• _Work to complete_: Starting with the line that contains "Domel Police APETITO" and stopping after the line that contains "Photo of Bedroom in Posadas", return each line below exactly as written, with no others.

(Caption-style text data)
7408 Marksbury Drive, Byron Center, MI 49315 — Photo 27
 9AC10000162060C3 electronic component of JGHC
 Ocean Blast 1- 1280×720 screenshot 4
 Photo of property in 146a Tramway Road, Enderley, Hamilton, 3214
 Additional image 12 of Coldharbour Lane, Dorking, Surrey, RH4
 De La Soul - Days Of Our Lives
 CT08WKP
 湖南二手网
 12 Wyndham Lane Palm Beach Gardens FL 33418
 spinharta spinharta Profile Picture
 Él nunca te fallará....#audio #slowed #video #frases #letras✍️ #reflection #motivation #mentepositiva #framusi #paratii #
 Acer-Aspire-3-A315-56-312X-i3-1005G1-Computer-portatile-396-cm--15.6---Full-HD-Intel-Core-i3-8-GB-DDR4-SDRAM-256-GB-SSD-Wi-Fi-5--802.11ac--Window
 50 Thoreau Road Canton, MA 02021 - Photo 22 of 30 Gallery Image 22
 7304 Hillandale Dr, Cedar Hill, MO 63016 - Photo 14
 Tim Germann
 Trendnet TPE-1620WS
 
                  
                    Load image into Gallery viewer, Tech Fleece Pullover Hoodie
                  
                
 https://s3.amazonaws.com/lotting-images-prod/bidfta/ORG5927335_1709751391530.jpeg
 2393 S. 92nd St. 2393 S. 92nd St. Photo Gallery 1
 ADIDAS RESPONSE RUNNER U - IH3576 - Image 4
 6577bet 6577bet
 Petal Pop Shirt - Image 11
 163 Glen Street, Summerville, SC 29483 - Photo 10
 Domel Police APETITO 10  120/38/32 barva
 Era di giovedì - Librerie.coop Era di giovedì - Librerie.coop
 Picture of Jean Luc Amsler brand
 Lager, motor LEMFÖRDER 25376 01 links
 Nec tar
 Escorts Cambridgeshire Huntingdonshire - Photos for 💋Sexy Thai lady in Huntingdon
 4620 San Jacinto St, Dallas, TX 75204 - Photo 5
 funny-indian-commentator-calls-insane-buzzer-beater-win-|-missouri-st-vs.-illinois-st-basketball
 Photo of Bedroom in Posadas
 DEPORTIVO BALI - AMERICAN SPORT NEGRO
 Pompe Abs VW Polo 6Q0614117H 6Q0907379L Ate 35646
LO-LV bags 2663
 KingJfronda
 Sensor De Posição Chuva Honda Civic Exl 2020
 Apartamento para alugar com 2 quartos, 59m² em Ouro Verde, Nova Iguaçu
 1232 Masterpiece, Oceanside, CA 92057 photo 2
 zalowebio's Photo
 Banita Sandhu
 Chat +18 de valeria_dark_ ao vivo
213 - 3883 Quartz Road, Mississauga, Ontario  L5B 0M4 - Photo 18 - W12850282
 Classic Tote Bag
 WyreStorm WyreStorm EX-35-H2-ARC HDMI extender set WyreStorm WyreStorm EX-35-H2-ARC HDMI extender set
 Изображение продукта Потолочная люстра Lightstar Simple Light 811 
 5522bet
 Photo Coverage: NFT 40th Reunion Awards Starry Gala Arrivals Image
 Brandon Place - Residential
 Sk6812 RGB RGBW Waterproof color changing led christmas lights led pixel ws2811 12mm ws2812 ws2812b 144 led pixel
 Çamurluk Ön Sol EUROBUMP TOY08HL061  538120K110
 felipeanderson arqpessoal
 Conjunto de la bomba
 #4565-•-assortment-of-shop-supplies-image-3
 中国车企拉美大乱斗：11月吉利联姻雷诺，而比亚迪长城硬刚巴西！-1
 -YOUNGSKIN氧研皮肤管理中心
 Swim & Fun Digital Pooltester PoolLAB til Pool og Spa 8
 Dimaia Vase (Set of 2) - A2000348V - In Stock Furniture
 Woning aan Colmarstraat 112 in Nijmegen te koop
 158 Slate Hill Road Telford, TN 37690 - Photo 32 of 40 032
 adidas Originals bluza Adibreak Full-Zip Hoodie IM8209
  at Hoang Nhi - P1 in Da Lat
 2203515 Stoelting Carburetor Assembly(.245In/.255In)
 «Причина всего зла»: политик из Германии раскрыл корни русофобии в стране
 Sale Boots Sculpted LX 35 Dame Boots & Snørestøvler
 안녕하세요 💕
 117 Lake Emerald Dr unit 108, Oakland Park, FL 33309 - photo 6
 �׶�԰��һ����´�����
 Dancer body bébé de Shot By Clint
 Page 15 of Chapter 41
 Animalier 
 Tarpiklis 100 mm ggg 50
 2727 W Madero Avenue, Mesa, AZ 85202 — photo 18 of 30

• _Response to this task_:
 Domel Police APETITO 10  120/38/32 barva
 Era di giovedì - Librerie.coop Era di giovedì - Librerie.coop
 Picture of Jean Luc Amsler brand
 Lager, motor LEMFÖRDER 25376 01 links
 Nec tar
 Escorts Cambridgeshire Huntingdonshire - Photos for 💋Sexy Thai lady in Huntingdon
 4620 San Jacinto St, Dallas, TX 75204 - Photo 5
 funny-indian-commentator-calls-insane-buzzer-beater-win-|-missouri-st-vs.-illinois-st-basketball
 Photo of Bedroom in Posadas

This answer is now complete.